Bennis: 'Element of surprise is gone for Dublin now'

Former Limerick boss tips Treaty to progress

Richie Bennis was the last manager to bring Limerick to the All-Ireland final
Richie Bennis was the last manager to bring Limerick to the All-Ireland final
Donnchadh Boyle

Donnchadh Boyle

Successive All-Ireland quarter-final appearances in 2011 and 2012 followed by two All-Ireland semi-final berths in 2013 and 2014 mark out a obvious graph of progress for Limerick hurling.

Throw in a Munster title secured in 2013 and things seem very rosy indeed. But it also leaves them with only one place to go if they are continue their progression of the last few seasons.
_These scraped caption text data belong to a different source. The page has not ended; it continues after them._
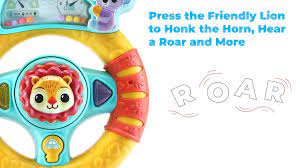 Vtech Roar And Explore Wheel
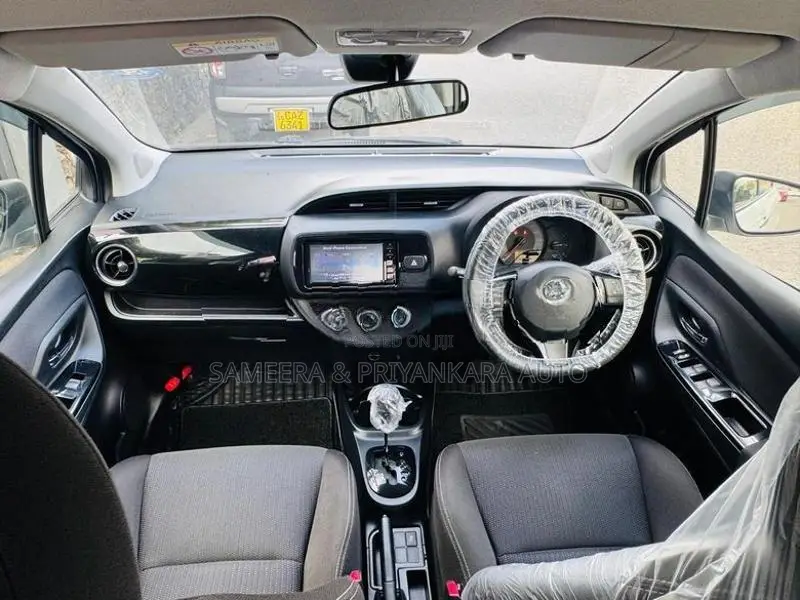 Toyota Vitz Edition 3 2019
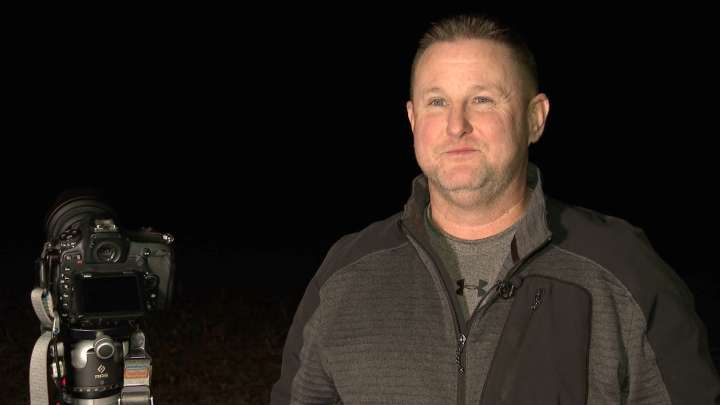 Kansas City astrophotographer chases second night of Northern Lights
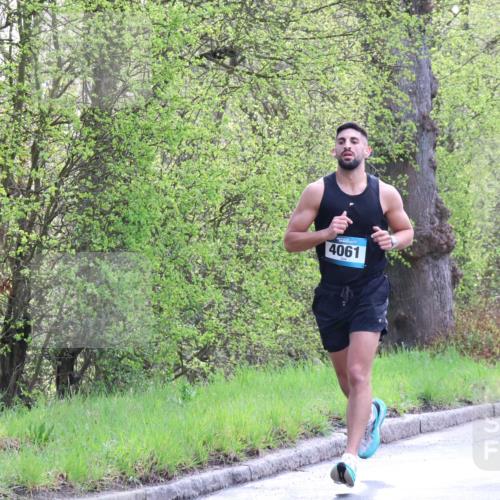 12.04.2026 - 45. Internationalen Wilhelmsburger Insellauf Yannick Fuchs http://msf.ph/oto/9479063 12.04.2026 10:17:06 Laufen 4061, 576 meine-sportfotos.de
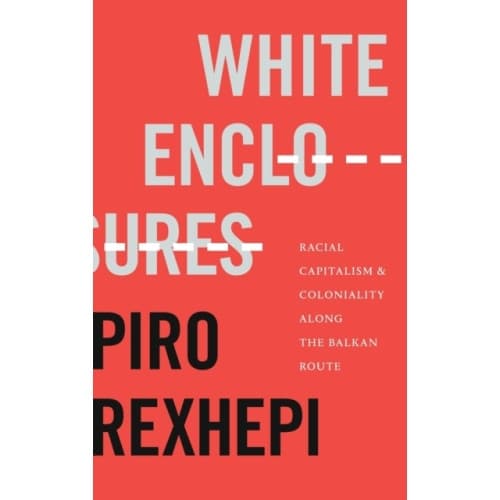 White Enclosures (inbunden, eng)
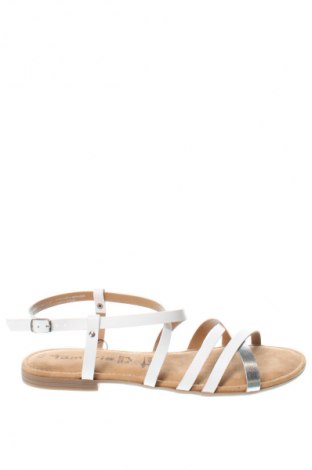 Sandalen Tamaris, Größe 40, Farbe Weiß, Preis 63,99 €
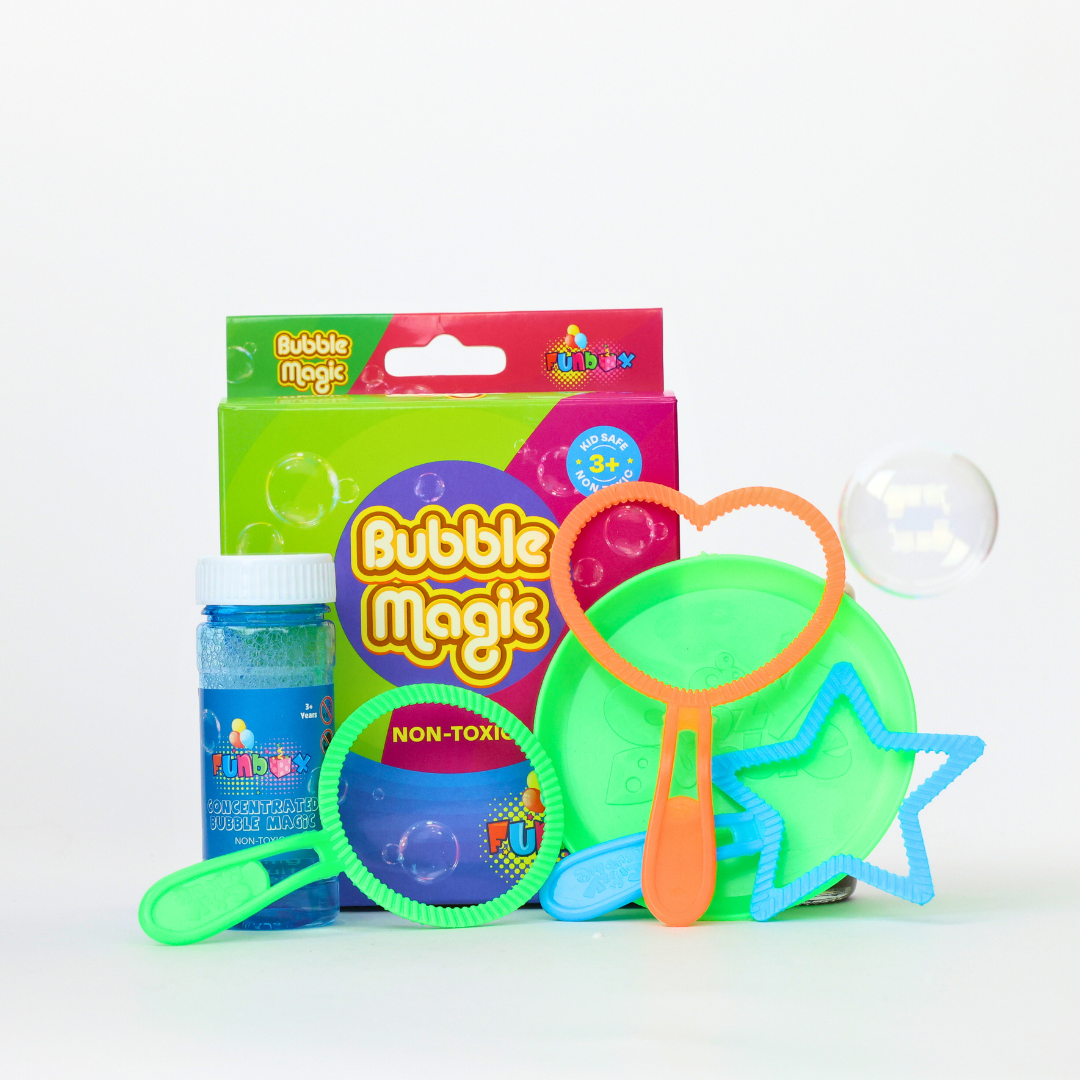 Bubble Magic!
An All-Ireland final appearance is the next obvious step but heading to Semple Stadium tonight to face Dublin, they face the daunting prospect of being just the third Limerick side not to reach at least the All-Ireland quarter-final in the last ten seasons.

And the last man to manage the Treaty men to an All-Ireland decider, Richie Bennis, believes supporters are unsure what to expect from their side this evening.

"I think people are confused," said the 1973 All-Ireland winner. "We are not sure where we are. You can forget about last Sunday.

"No disrespect to Westmeath but whether you won that game by 20 points or by the margin they won by they weren't going to be given much heed.

"We are developing a consistency but it's not one I like."


For Bennis, the game against Tipperary remains the best pointer. Keeping the boot on the throat of the Premier men for a third successive year was always going to be a big ask.

"It's hard to rouse yourself year after year for those games. Tipp will always come back at you. They have the resources to keep coming back year after year, more than we would have.

"A lot of people looked to blame the full-back line but that's not how I saw it. The Tipp half-back line had all the time they needed to deliver a pass.

"And Tipp had the forwards to do the damage then. With Tipperary you need to be stopping the supply and we just didn't do that."

The back door was always going to be perilous and they were given Dublin. The other option was Cork and that's the one Bennis would have preferred.

"It was either Dublin or Cork, it could only go that way. Both of them I think offer a similar challenge and they will be as hard to beat as each other but I would have preferred to be playing Cork.

"There'd be a fair rivalry between Cork and Limerick. There wouldn't be much of a rivalry with Dublin from down through the years at all really. And I think that would suit Limerick better to be playing a Cork team."

Dublin have just as much at stake. They are just a single defeat away from logging an underwhelming first season under Ger Cunningham and preparation has been poor with the news that experienced defender Mikey Carton has left the panel.

In Bennis' playing days, Dublin didn't provide much opposition and while he believes they will continue to impress, he thinks they might have to start all over again with a new team.

"I was up in Dublin for the league match with Limerick. They were much better than Limerick that day so there is lots to be done.

"They have great resources and good young teams coming through all the time. They were unlucky not to beat Kilkenny in the minor final in Croke Park last weekend so they are going to be around for a while.

"But I think Anthony Daly might have got the best out of that Dublin side. He did a good few years with them so I think the surprise element is gone for Dublin now.

"And I think Limerick like Semple. They seem to do their best hurling there so I think they'll win. There's a lot at stake here - only the best teams are left standing at this stage."